**INSTRUCTIONS FOR THE TASK**:
In the data that follows, count each line with the string "parking"; the reply is the number only.

**DATA**:
--------------------------------

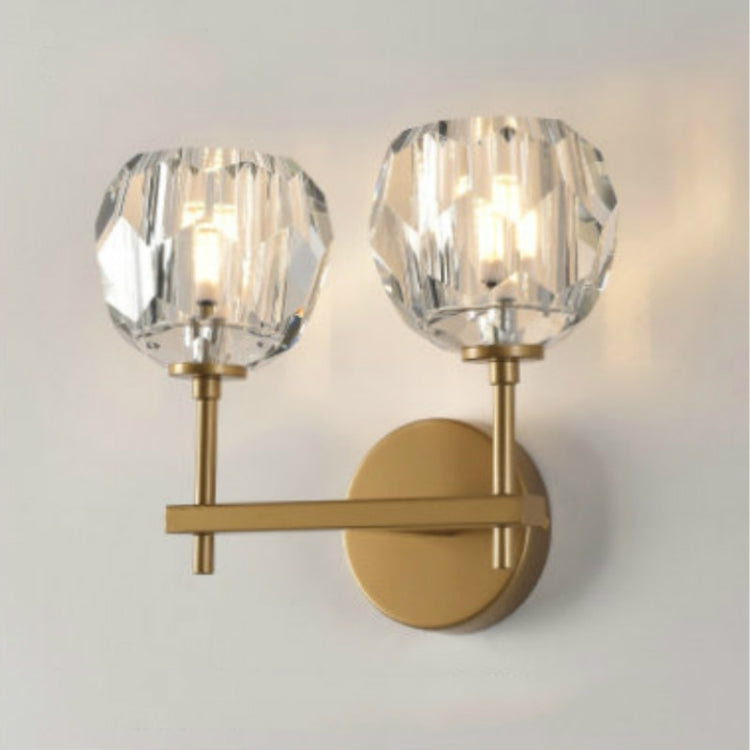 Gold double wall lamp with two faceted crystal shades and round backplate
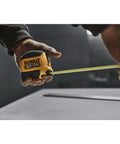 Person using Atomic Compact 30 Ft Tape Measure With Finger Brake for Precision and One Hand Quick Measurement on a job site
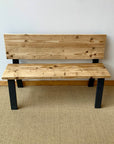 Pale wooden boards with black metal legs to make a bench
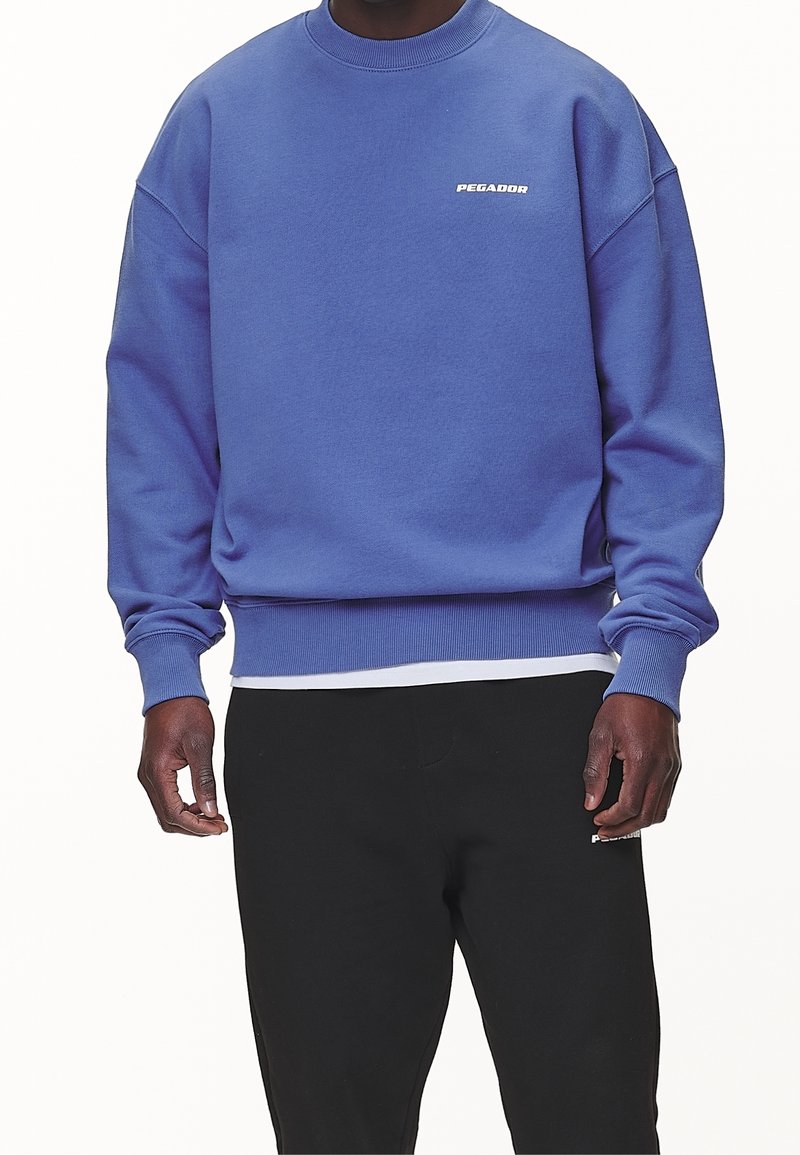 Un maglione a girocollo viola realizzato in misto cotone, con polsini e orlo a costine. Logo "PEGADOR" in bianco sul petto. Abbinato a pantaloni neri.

--------------------------------

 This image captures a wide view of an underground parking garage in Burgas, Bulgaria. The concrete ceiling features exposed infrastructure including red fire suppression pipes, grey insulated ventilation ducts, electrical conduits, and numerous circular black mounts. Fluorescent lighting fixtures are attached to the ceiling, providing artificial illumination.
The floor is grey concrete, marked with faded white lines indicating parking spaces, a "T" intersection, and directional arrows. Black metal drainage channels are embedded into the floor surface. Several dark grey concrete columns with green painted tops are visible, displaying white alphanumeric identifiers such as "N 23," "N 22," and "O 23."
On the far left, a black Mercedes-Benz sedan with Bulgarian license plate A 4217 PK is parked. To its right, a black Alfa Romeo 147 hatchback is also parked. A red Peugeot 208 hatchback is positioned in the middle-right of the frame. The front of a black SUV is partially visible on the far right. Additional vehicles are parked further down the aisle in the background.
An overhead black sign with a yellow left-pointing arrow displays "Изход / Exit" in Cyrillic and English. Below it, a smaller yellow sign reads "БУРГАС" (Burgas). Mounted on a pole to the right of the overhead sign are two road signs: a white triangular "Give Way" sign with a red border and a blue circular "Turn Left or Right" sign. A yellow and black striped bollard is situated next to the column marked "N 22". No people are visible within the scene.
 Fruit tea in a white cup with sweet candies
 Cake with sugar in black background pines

--------------------------------

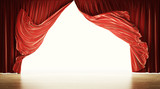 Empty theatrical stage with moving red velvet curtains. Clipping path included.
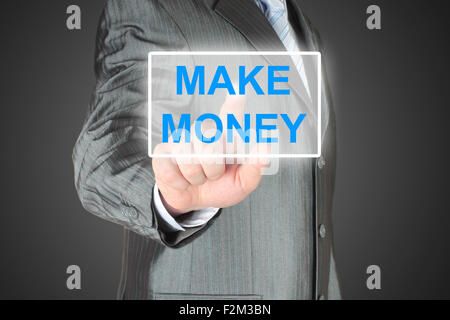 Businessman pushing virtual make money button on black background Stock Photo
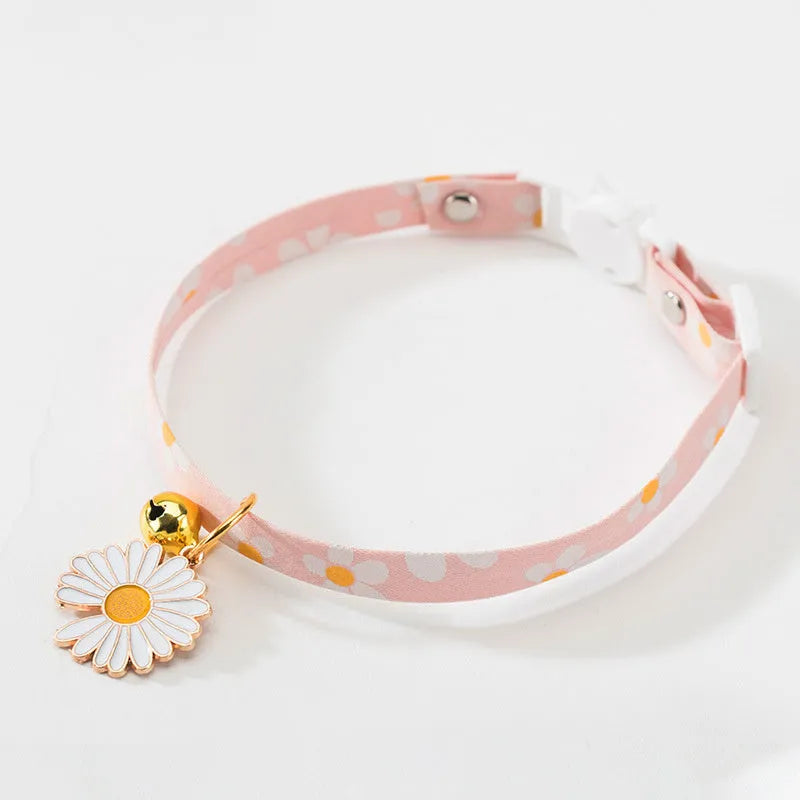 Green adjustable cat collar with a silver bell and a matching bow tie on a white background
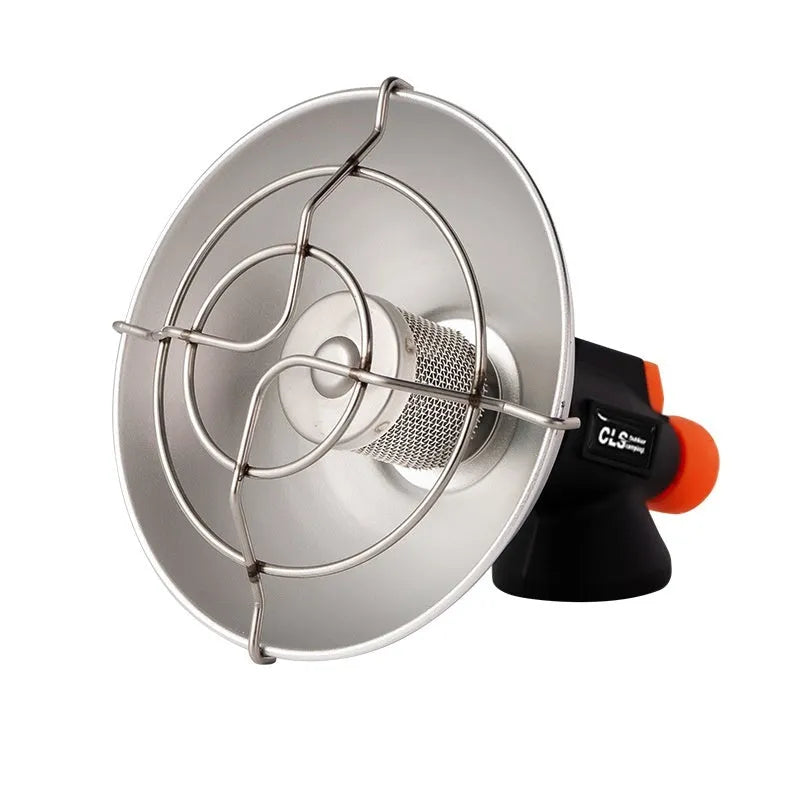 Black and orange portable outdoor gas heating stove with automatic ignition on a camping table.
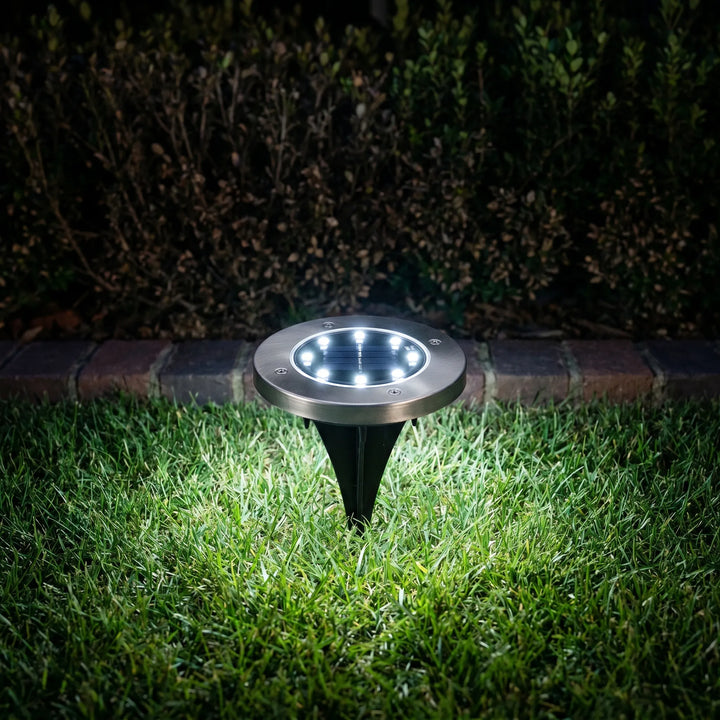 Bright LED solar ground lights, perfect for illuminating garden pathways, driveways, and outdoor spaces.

--------------------------------

**SOLUTION TO THE PROBLEM**:
2